● **WHAT THE TASK REQUIRES**:
From the records below, please repeat exactly the line that has "Брянские студенты познакомились", the line that has "Giường Đơn Trong", and every line between them, and nothing else.

● **DATA SUPPLIED**:
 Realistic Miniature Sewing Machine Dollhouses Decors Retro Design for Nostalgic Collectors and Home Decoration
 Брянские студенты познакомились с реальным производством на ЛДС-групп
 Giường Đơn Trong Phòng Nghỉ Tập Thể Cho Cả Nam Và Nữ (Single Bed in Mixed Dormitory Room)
...
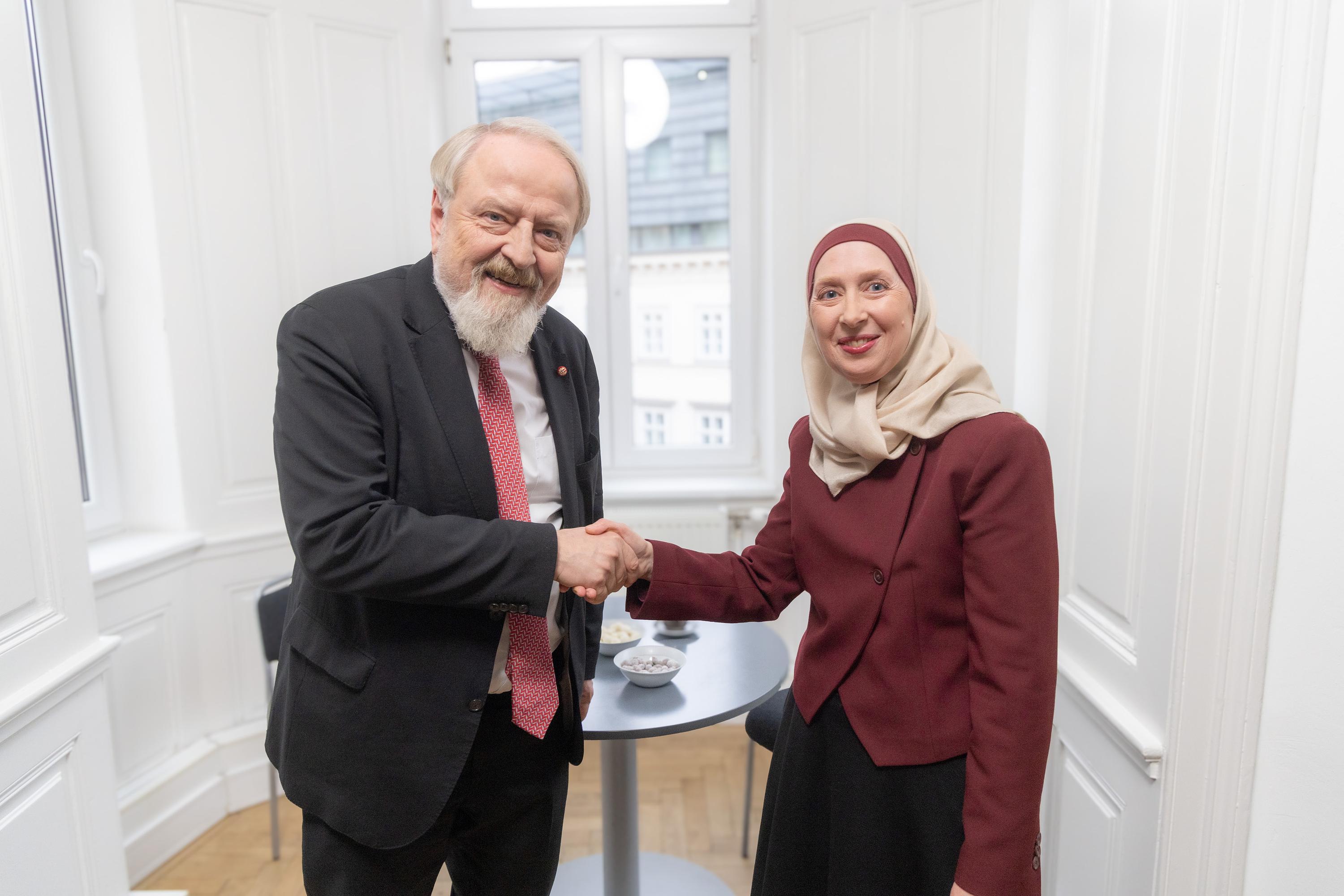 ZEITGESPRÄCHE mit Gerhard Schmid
---
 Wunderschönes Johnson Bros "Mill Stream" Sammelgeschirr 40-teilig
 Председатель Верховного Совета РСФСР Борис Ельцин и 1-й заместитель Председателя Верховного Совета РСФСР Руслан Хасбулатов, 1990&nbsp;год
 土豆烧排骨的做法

● **WRITTEN RESPONSE**:
 Брянские студенты познакомились с реальным производством на ЛДС-групп
 Giường Đơn Trong Phòng Nghỉ Tập Thể Cho Cả Nam Và Nữ (Single Bed in Mixed Dormitory Room)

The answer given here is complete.